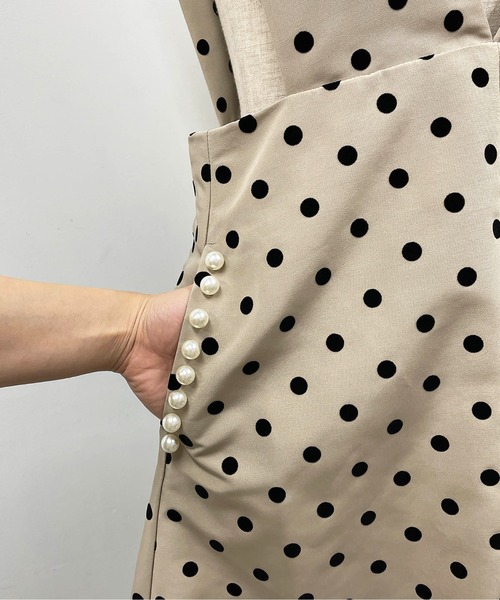 PICCIN(ピッチン)の「ポケットパールフロッキードットジャンスカ(スカート・レディース・ブラック/ベージュ・M)」の18枚目の写真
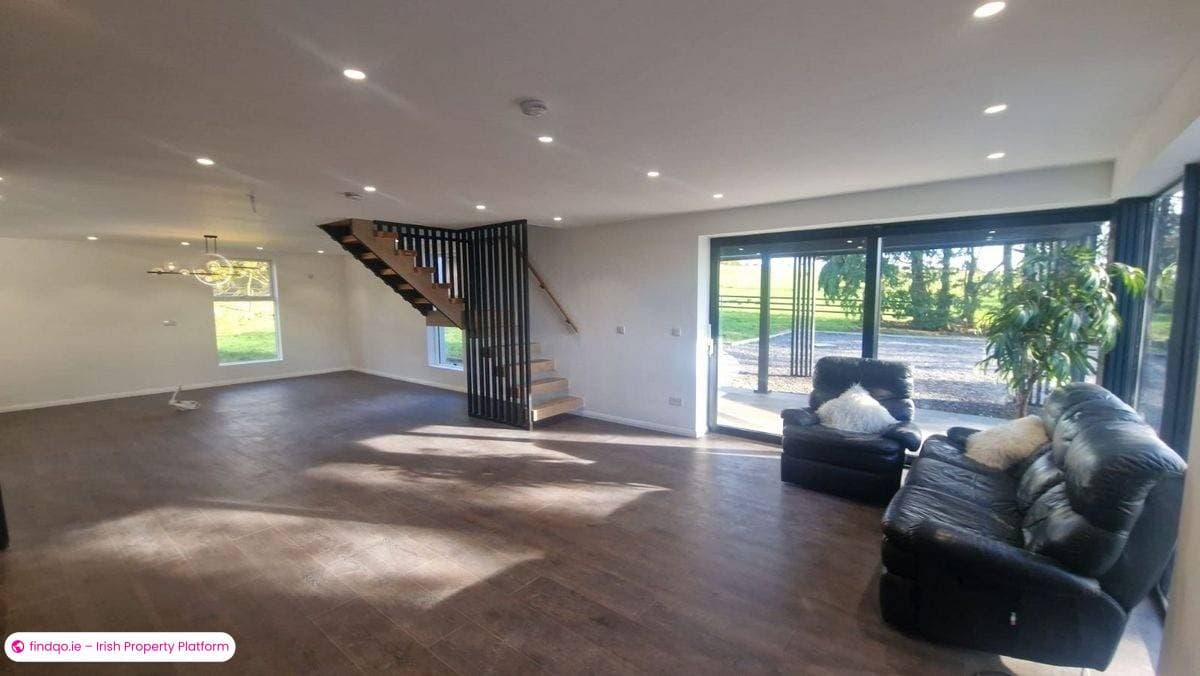 Detached house for Sale in Ballyhaunis, Mayo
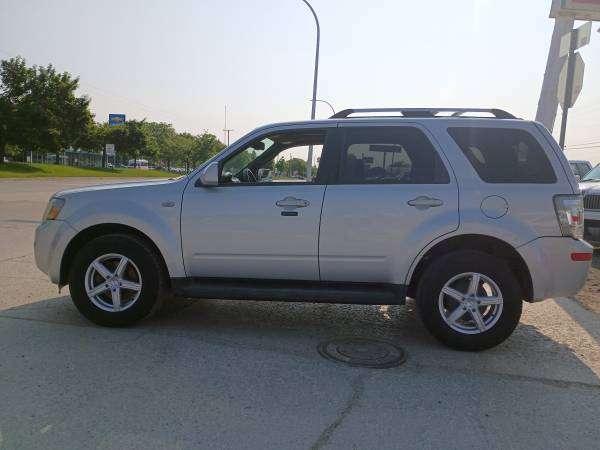 used 2009 Mercury Mariner car, priced at $5,500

—————

Give back all the data exactly, minus pictures.

 PICCIN(ピッチン)の「ポケットパールフロッキードットジャンスカ(スカート・レディース・ブラック/ベージュ・M)」の18枚目の写真
 Detached house for Sale in Ballyhaunis, Mayo
 used 2009 Mercury Mariner car, priced at $5,500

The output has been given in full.